*WHAT THIS TASK INVOLVES*: Copy without pictures. Please restate each line of the listing exactly.

*STORED DATA*:
╔══

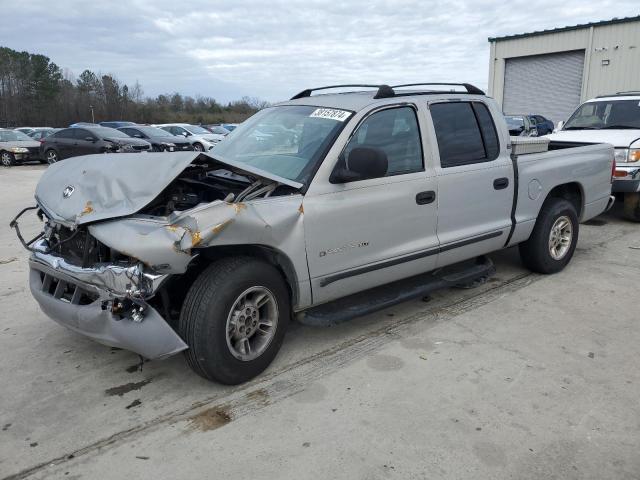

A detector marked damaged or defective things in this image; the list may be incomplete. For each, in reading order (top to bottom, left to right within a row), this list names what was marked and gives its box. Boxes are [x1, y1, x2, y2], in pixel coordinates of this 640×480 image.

bent hood [34, 151, 302, 226]
damaged silver pickup truck [13, 81, 616, 382]
bent hood [544, 128, 640, 147]
crumpled front bumper [28, 242, 188, 358]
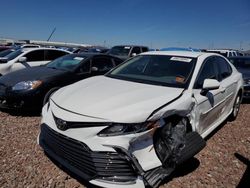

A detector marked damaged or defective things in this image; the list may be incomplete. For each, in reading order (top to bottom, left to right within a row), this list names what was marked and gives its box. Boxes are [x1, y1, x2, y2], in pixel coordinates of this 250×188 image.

crumpled hood [0, 66, 66, 86]
crumpled hood [51, 75, 184, 122]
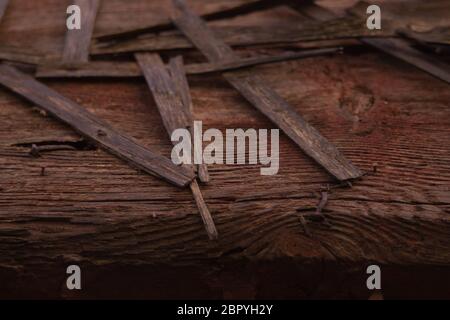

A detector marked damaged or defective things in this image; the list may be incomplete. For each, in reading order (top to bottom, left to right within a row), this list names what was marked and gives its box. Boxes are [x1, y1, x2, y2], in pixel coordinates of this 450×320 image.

splintered wood piece [61, 0, 99, 65]
broken wooden stick [61, 0, 99, 65]
splintered wood piece [0, 63, 192, 186]
broken wooden stick [0, 63, 193, 188]
broken wooden stick [134, 52, 217, 239]
splintered wood piece [135, 53, 218, 238]
splintered wood piece [93, 0, 280, 41]
splintered wood piece [37, 48, 342, 79]
broken wooden stick [37, 48, 342, 79]
splintered wood piece [169, 56, 211, 184]
splintered wood piece [90, 17, 376, 54]
splintered wood piece [171, 0, 364, 181]
broken wooden stick [171, 0, 364, 181]
splintered wood piece [294, 2, 450, 84]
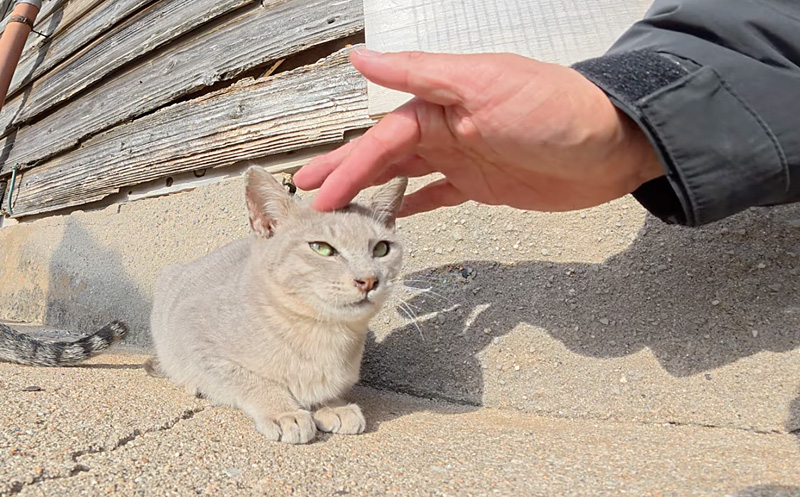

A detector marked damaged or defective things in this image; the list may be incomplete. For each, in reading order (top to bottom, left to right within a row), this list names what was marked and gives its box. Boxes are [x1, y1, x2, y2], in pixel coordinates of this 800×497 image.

rusty metal pipe [0, 0, 39, 109]
crack in concrete [3, 404, 203, 494]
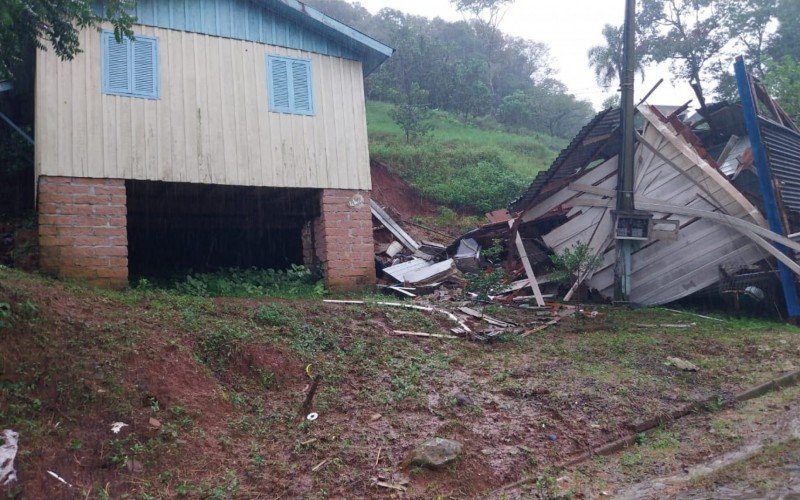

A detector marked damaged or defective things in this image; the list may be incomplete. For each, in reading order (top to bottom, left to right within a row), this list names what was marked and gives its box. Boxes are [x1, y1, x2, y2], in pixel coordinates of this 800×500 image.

rusty metal roofing [510, 107, 620, 213]
rusty metal roofing [760, 118, 800, 216]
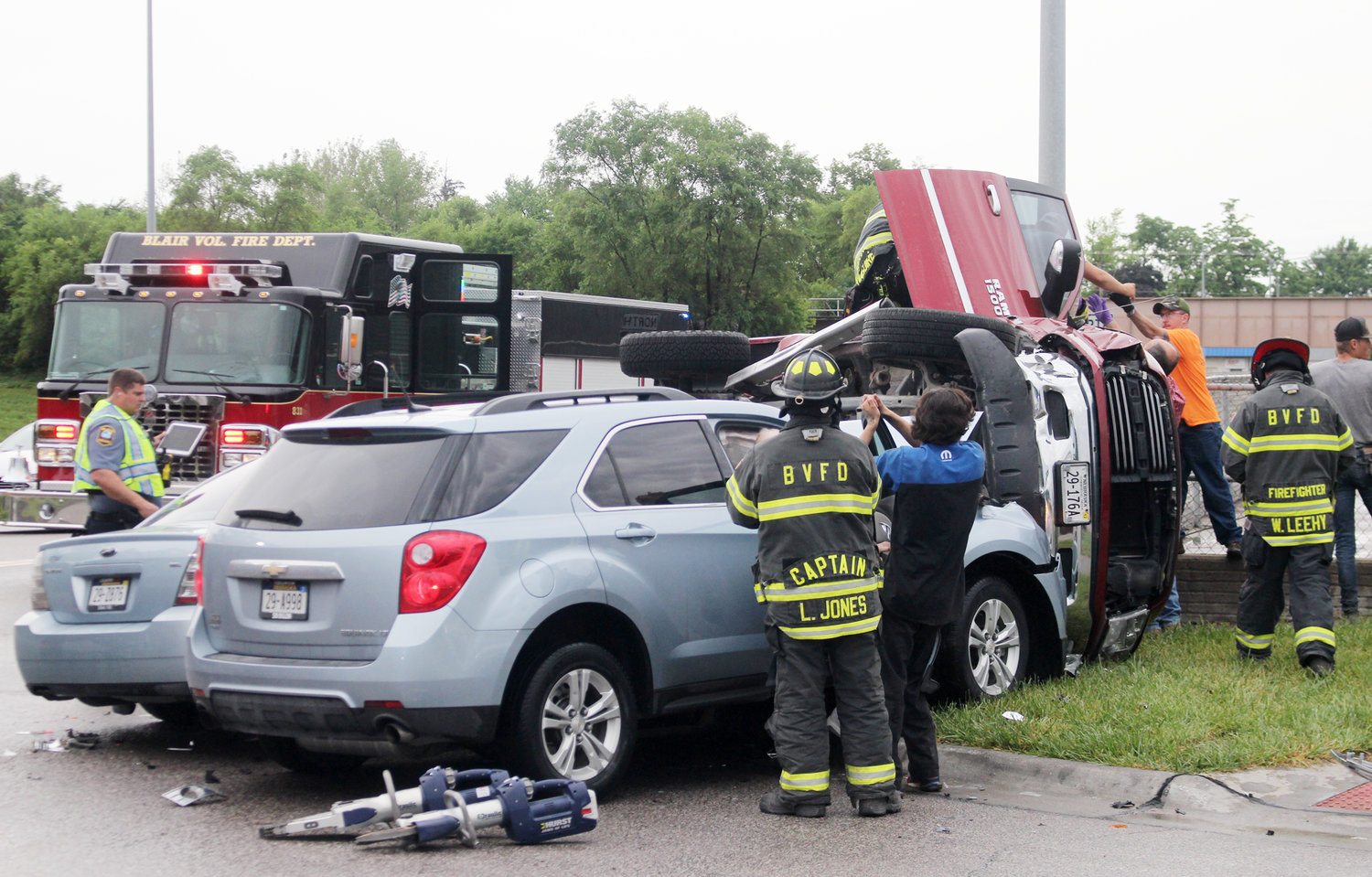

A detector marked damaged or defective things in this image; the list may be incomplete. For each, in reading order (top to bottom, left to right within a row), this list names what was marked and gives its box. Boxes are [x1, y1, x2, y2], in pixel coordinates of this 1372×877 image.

exposed tire [622, 331, 754, 379]
exposed tire [863, 307, 1024, 371]
overturned red truck [622, 170, 1185, 691]
exposed tire [944, 578, 1032, 699]
exposed tire [140, 699, 201, 728]
exposed tire [516, 640, 640, 794]
exposed tire [256, 739, 368, 779]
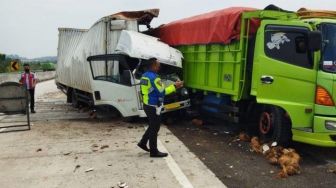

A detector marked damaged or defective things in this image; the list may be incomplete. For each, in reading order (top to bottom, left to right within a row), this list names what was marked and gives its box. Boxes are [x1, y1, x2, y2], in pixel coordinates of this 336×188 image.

damaged box truck [56, 9, 190, 117]
damaged box truck [154, 6, 336, 147]
broken windshield [320, 23, 336, 72]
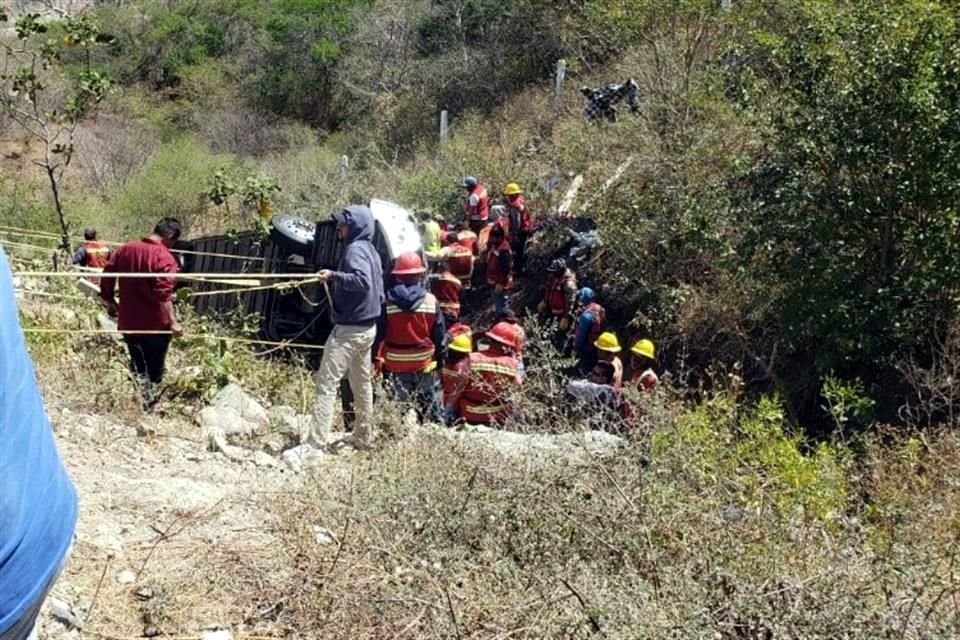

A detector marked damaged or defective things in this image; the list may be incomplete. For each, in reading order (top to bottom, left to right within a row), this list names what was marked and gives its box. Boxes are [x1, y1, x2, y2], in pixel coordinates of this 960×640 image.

crashed vehicle [183, 200, 420, 350]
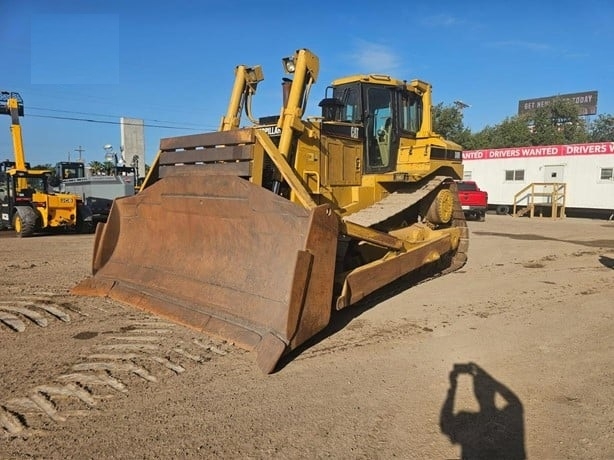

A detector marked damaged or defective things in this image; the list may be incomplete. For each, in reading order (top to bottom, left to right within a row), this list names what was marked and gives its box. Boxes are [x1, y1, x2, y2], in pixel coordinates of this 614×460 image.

rusty dozer blade [75, 174, 342, 372]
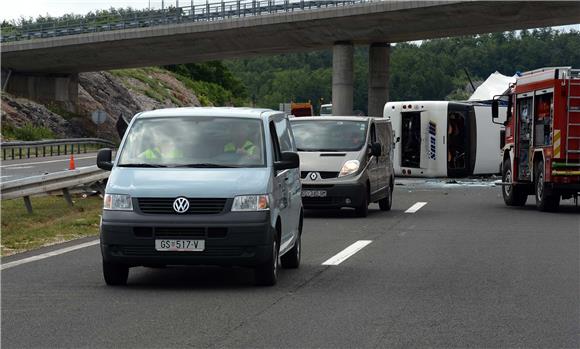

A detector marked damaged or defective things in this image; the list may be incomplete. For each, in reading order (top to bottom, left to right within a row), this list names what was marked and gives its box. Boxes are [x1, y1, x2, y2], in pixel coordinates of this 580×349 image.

overturned white bus [388, 100, 506, 177]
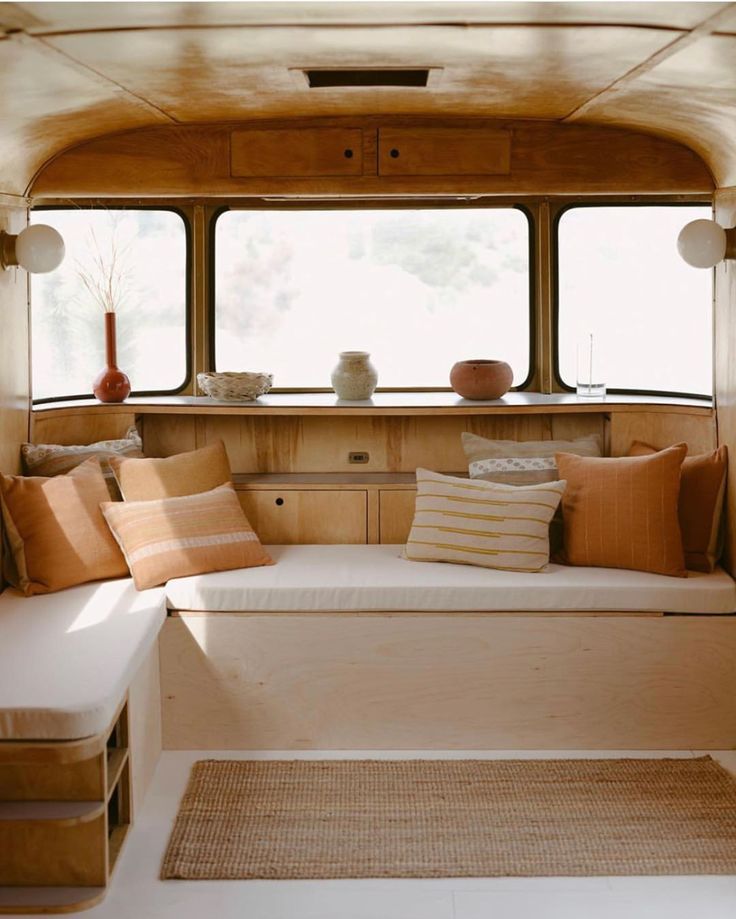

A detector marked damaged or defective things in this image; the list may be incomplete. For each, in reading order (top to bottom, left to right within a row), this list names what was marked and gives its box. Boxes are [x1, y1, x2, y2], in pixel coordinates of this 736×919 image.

╚══

*THE ANSWER*:
A detector marked damaged or defective things in this image; the list may be incomplete. For each, in reading order (top to bottom, left to right within a row), this list names what was marked and gives its box. Boxes are [x1, y1, x2, y2], in pixel coordinates of this 640×480 image.

bent hood [34, 151, 302, 226]
damaged silver pickup truck [13, 81, 616, 382]
bent hood [544, 128, 640, 147]
crumpled front bumper [28, 242, 188, 358]

A detector marked damaged or defective things in this image; the list may be incomplete. For each, in reading order (top to bottom, left to right within a row), this list names what was marked and gives its box. Boxes are [x1, y1, x2, y2], in pixel coordinates of this 250×188 image.

crumpled hood [0, 66, 66, 86]
crumpled hood [51, 75, 184, 122]

A detector marked damaged or defective things in this image; the list may be incomplete. For each, in reading order (top to bottom, left to right within a row), this list names what was marked and gives its box. Boxes are [x1, y1, x2, y2], in pixel coordinates of this 450×320 image.

splintered wood piece [61, 0, 99, 65]
broken wooden stick [61, 0, 99, 65]
splintered wood piece [0, 63, 192, 186]
broken wooden stick [0, 63, 193, 188]
broken wooden stick [134, 52, 217, 239]
splintered wood piece [135, 53, 218, 238]
splintered wood piece [93, 0, 280, 41]
splintered wood piece [37, 48, 342, 79]
broken wooden stick [37, 48, 342, 79]
splintered wood piece [169, 56, 211, 184]
splintered wood piece [90, 17, 376, 54]
splintered wood piece [171, 0, 364, 181]
broken wooden stick [171, 0, 364, 181]
splintered wood piece [294, 2, 450, 84]

A detector marked damaged or defective things in this image; the list may be incomplete. For each, in reading order (top to bottom, left to right within a row), this list names what was marked and gives its box. Boxes are [x1, y1, x2, y2], in pixel coordinates of this 800×497 image.

rusty metal pipe [0, 0, 39, 109]
crack in concrete [3, 404, 203, 494]

A detector marked damaged or defective things in this image; the list may be incomplete. For each, in reading order (top to bottom, left to right within a row), this list names what was marked and gives its box. Boxes are [x1, y1, x2, y2], in pixel coordinates of this 800×500 image.

rusty metal roofing [510, 107, 620, 213]
rusty metal roofing [760, 118, 800, 216]

A detector marked damaged or defective things in this image; the list may be incomplete. For each, in reading order (top to bottom, left to right within a row), this list names what was marked and gives its box. Boxes are [x1, y1, x2, y2], in pixel coordinates of this 1372×877 image.

exposed tire [622, 331, 754, 379]
exposed tire [863, 307, 1024, 371]
overturned red truck [622, 170, 1185, 691]
exposed tire [944, 578, 1032, 699]
exposed tire [140, 699, 201, 728]
exposed tire [516, 640, 640, 794]
exposed tire [256, 739, 368, 779]

A detector marked damaged or defective things in this image; the list may be incomplete. For each, in reading order (top to bottom, left to right within a row), this list names what was marked and gives its box. Boxes are [x1, y1, x2, y2], in pixel coordinates of this 336×188 image.

damaged box truck [56, 9, 190, 117]
damaged box truck [154, 6, 336, 147]
broken windshield [320, 23, 336, 72]

A detector marked damaged or defective things in this image; the list may be incomplete. For each, in reading order (top to bottom, left to right within a row), this list names what was marked and gives its box. Boxes are [x1, y1, x2, y2], in pixel coordinates of this 960×640 image.

crashed vehicle [183, 200, 420, 350]

A detector marked damaged or defective things in this image; the list may be incomplete. For each, in reading order (top to bottom, left to right within a row), this list names what was marked and gives its box. Boxes are [x1, y1, x2, y2], in pixel coordinates of this 614×460 image.

rusty dozer blade [75, 174, 342, 372]

A detector marked damaged or defective things in this image; the list may be incomplete. For each, in reading order (top to bottom, left to right within a row), this list names what was marked and gives its box. Boxes are [x1, y1, x2, y2], in pixel coordinates of this 580×349 image.

overturned white bus [388, 100, 506, 177]

A detector marked damaged or defective things in this image; the list may be incomplete. For each, in reading order (top to bottom, left to right within a row), this list names what was marked and gives its box. Boxes are [x1, y1, x2, y2], in pixel coordinates of this 736×919 image.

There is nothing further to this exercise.